The two-family house from Brienz has a magnificently carved facade. It illustrates the high standard of rural architecture in the Bernese Oberland and gives a picture of the craft of wood-carving which is characteristic of Brienz.
A block structure of squared logs with projecting wall-beams rests on the high stone basement. The impressive facade on the gable side has numerous friezes of various designs running across the full width of the house. On the upper floor and in the area of the pediment the wall support beams project forward in the manner frequently encountered in the Bernese Oberland.
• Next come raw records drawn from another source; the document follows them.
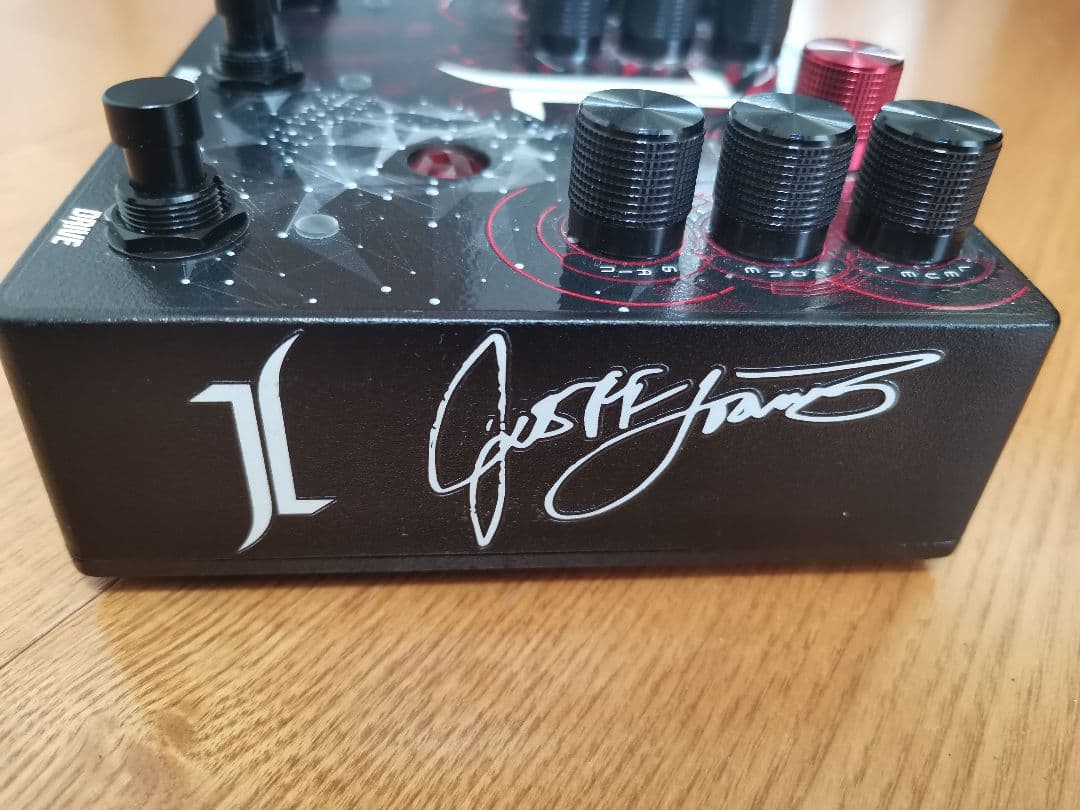 All Pedal Devils Triad Jeff Loomis モデル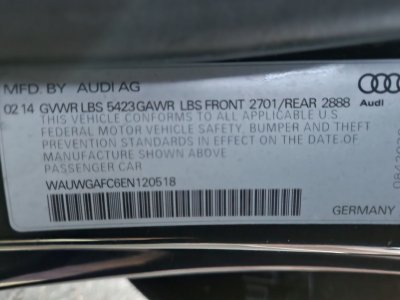 2014 Audi A7 3.0T Premium Plus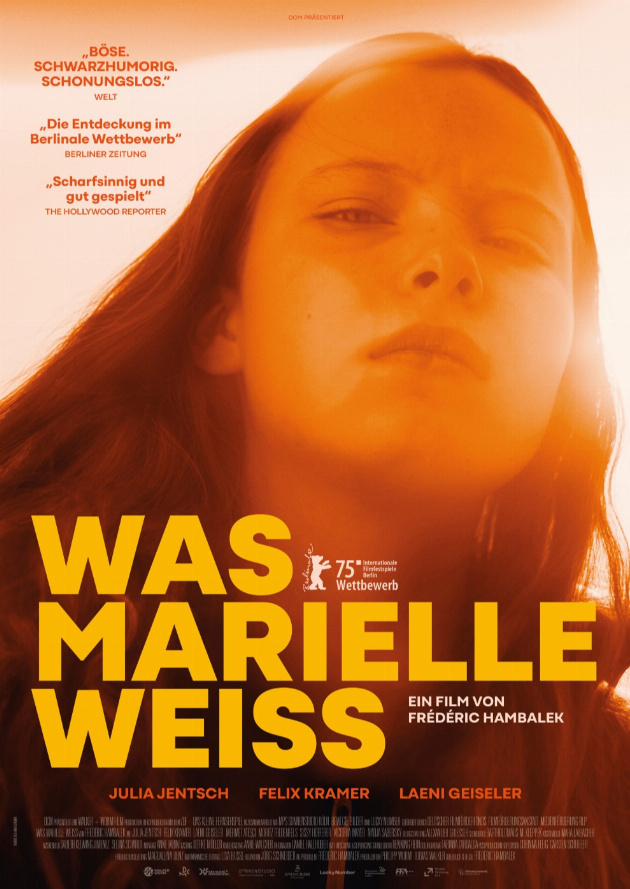 Filmplakat Was Marielle weiß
The low-pitched purlined roof was formerly laid with shingles.
On the back and eaves side an addition was built in 1867 with a horse stable, a place for hay and two rooms. The cellar contained a pigsty and a wood-carving workshop. Today it is still possible to watch a woodcarver at work and to admire original Brienz woodcarvings in an exhibition.
The building owner was probably the innkeeper Heinrich von Flüe who served as a sailor from 1762 to 1766 on Lake Brienz at the cargo exchange. Based on historical sources, we know that the building was used as a double house by two independent owners from 1782 on. The later owners were also connected with the transportation industry (boatman, sailor, coachmen) and tourism (innkeeper, mountain guide, woodcarver).
Next to the house is the drying kiln from Brienzwiler BE (No. 1032), in which fruits were dried to be enjoyed during long winter evenings.